Kidney stones in women are reportedly on the rise, researchers say. Obesity is a risk factor for kidney stones, and as obesity rises, incidence of kidney does as well. Since obesity is more of a contributing factor in women than in men, the effects of this increase are more often felt by women. The good news is that improved diagnostic and treatment techniques mean fewer patients—man or women—need to be admitted to the hospital for kidney stones; they can be treated on an outpatient basis.
The cause of kidney stones is high levels of calcium, phosphorous, and other substances that form crystals in the urine. Calcium and oxalate are the most common culprits, and are found in many foods. Chocolate and nuts are sources of oxalate, but it’s also produced in the liver; calcium is found in dairy foods. A diet high in animal proteins is also associated with the formation of kidney stones. In addition to obesity, risk factors include a family history of kidney stones, dehydration, a diet high in sodium, and digestive diseases. In addition, risk of kidney stones increases with age, occurring most often in adults over age 40.

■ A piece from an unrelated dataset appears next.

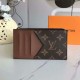 Louis Vuitton Monogram Zipped Wallet - Brown & Floral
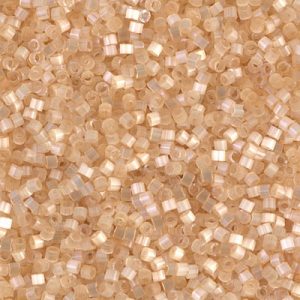 DB0674 - 11/0 Miyuki Delica Seed Bead - Light Topaz Silk Satin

There are things you can do to control your risk. Make sure to drink enough water, and beware of excess sodium. If you take calcium or vitamin C or D supplements, let your doctor know so that you can be monitored. Calcium-rich foods are usually safe, though foods with oxalates can cause problems, so if you are prone to kidney stones, be wary of chocolate, nuts, spinach, Swiss chard, sweet potatoes, tea, and soy products.
The treatment for small stones generally involves waiting it out, drinking lots of fluids to pass it and taking pain medication for when you do. Larger stones require more drastic measures, because there’s a risk of a blockage causing permanent kidney damage. One technique is shock wave lithotripsy, in which an ultrasound-like device creates vibrations that break the stone into smaller pieces which can go through the urethra. These then pass the way smaller stones do.